1. Field of the Invention
The present invention relates to the underfilling and encapsulation of semiconductor devices on a carrier substrate. More specifically, the present invention relates to a method of fabricating a semiconductor assembly, wherein the underfill and encapsulation materials may exhibit differing material properties and are formed using stereolithography.
2. State of the Art
Flip-chip style packaging for semiconductor dice is becoming ever more popular. In a flip-chip package, an array or pattern of external conductive elements such as solder bumps, or conductive or conductor-filled epoxy pillars, protrude from the active surface of the semiconductor die for use in mechanically and electrically connecting the semiconductor die to the patterned ends of conductive traces of higher level packaging, such as a carrier substrate.

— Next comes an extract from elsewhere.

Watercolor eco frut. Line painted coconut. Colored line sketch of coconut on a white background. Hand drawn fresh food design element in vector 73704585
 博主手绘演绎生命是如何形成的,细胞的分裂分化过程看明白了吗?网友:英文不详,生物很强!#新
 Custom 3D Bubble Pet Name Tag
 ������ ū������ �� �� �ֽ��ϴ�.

There is typically a substantial mismatch in the coefficient of thermal expansion (CTE) between the material of the semiconductor die and that of the carrier substrate, such as a printed circuit board or interposer, bearing the conductive traces to which the external conductive elements of the die are bonded. Due to this substantial CTE mismatch, significant stresses develop between the semiconductor die and carrier substrate during normal thermal cycling. Without a strong mechanical attachment of the semiconductor die to the substrate, the die may debond from the carrier substrate, or one or more of the external conductive elements may fracture or release from its corresponding conductive trace. In addition, the small spacing or pitch of the external conductive elements creates a significant potential for shorting between adjacent conductive elements or conductive elements and adjacent carrier substrate traces due to the presence of a dust particle or condensed moisture between the semiconductor die and the carrier substrate. Therefore, when a flip-chip type of electronic device, such as a semiconductor die, is conductively attached to a carrier substrate, underfilling the space between the device and substrate with an electrically insulative material is very desirable to enhance the mechanical bond between the die and the carrier substrate and to dielectrically isolate adjacent electrical connections between the die and the carrier substrate.

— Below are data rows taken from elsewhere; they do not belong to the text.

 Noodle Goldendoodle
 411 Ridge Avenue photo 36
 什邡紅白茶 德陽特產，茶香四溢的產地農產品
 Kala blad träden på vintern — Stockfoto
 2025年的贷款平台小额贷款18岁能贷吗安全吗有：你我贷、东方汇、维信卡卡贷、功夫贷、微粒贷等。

In the past, underfilling has been achieved using a dielectric, polymeric material that is heated to a temperature sufficient for it to flow. A vacuum source is typically used to draw the heated, viscous, dielectric material to fill the region between the substrate and the semiconductor die. However, effecting adequate removal of air, water vapor, and moisture from between the substrate and the semiconductor die has always been a problem associated with the conventional underfill process. A more controlled and precise manufacturing technique termed “stereolithography,” also known as “layered manufacturing,” has been employed recently to form the underfill and encapsulation region in semiconductor packages.

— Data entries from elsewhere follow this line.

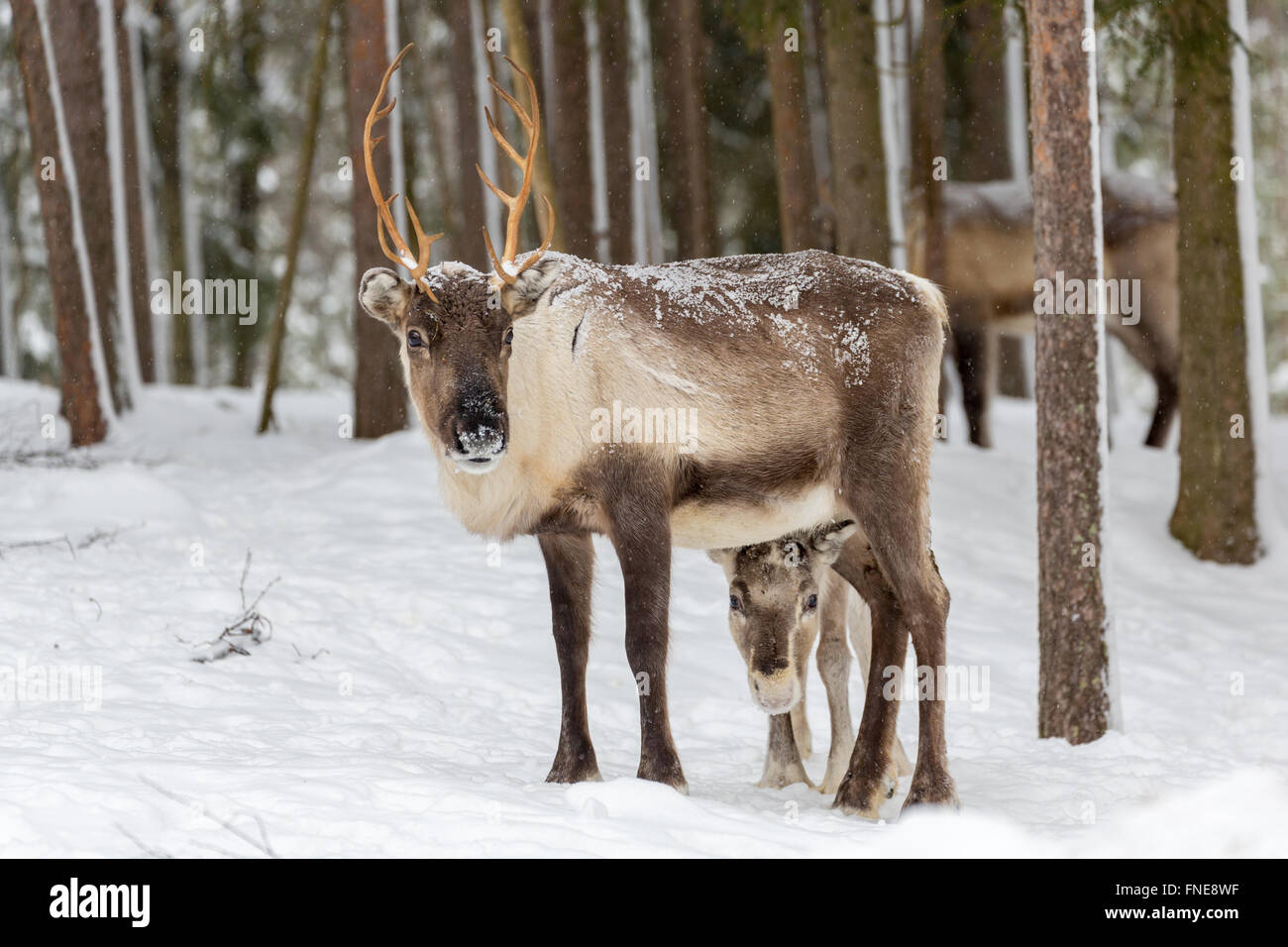 Two reindeer (Rangifer tarandus) in snow, captive, Kivilompolio, near Rovaniemi, Lapland, Finland Stock Photo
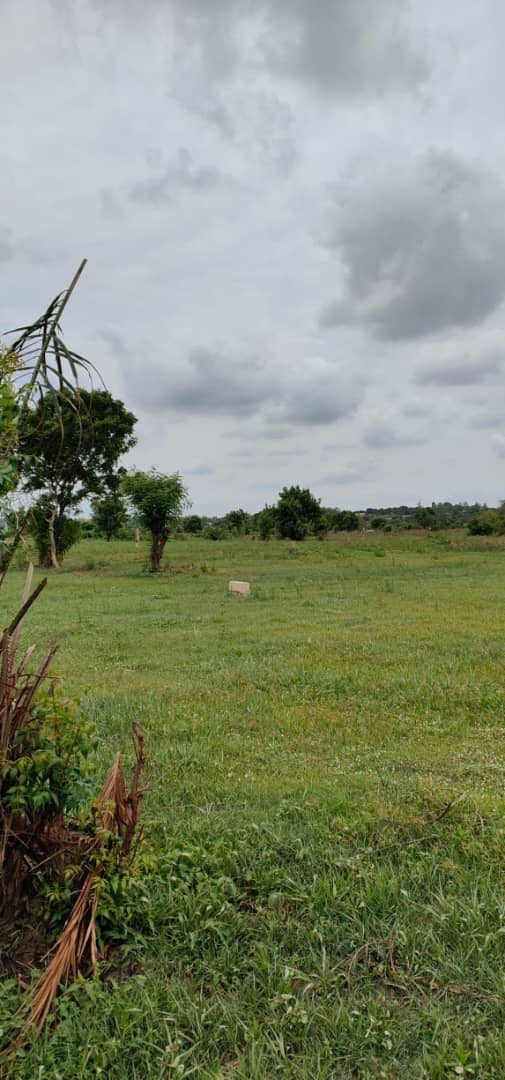 À VENDRE : 55 LOTS DISPONIBLES À ADÉTIKOPÉ TONOUKOUTI (ADOU-GODO)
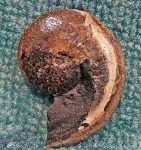 Aconeceras из конкреции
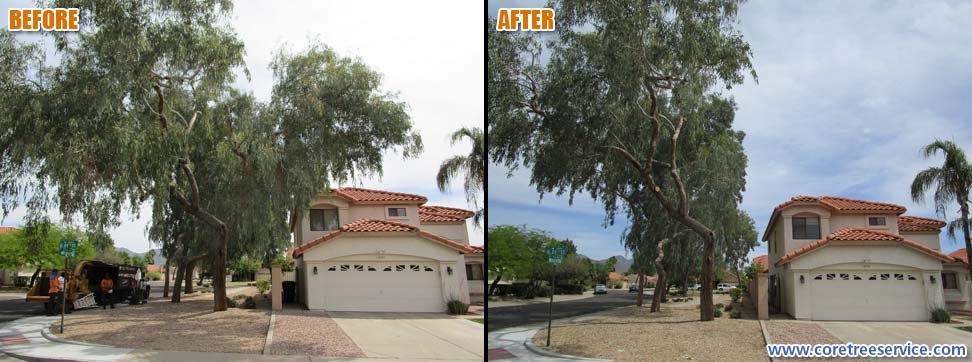 Before & After, trimming 3 Eucalyptus trees for safety reasons in Scottsdale, 85260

A representative patent disclosing forming the underfill and encapsulation structures of semiconductor device assemblies using stereolithography, assigned to the current assignee of the present application, is U.S. Pat. No. 6,537,482 to Farnworth (hereinafter “the '482 Farnworth Patent”), the disclosure of which is herein incorporated by reference. As shown in FIG. 1, the '482 Farnworth Patent discloses semiconductor device assembly 40 having an underfill and encapsulation region formed using stereolithography. Semiconductor dice 20 having an active surface 22, back side 18, and lateral sides 24 is illustrated having a flip-chip configuration using a ball grid array (BGA) of external conductive elements 30 bonded to a plurality of conductive bond pads 32 contained on the active surface 22. The external conductive elements 30 are bonded to conductive traces 14 on the face 12 of the carrier substrate 10. An underfill structure 50 is formed of a polymerized material that fills the spaces 34 between each semiconductor die 20 and the carrier substrate 10. An encapsulation region or structure 48 formed of a polymerized material, contiguous with the underfill structure 50, seals and protects each semiconductor die 20. The underfill structure 50 and the encapsulation region 48 are formed by immersing the semiconductor device assembly to a predetermined depth in a bath of a liquid photopolymer resin and subsequently curing it using either a controlled light source, thermal process, or both. The process is repeated as necessary to form the complete semiconductor package as exemplified by the semiconductor device assembly 40 shown in FIG. 1.
While the '482 Farnworth Patent provides a useful method for encapsulating and underfilling a semiconductor die to form a semiconductor package, it is limited to forming the underfill and encapsulation regions from a photopolymerizable material having uniform material properties and formed from conventional photopolymerizable materials. Therefore, it is desirable to develop a method that enables varying the photopolymerizable material used to form the underfill and encapsulation regions of the semiconductor package. Furthermore, it would be desirable to tailor the material properties of the photopolymerizable material used to form the underfill and encapsulation structures in specific regions to reduce the thermal stresses experienced by the semiconductor package in service and enable protection of the semiconductor package from external elements.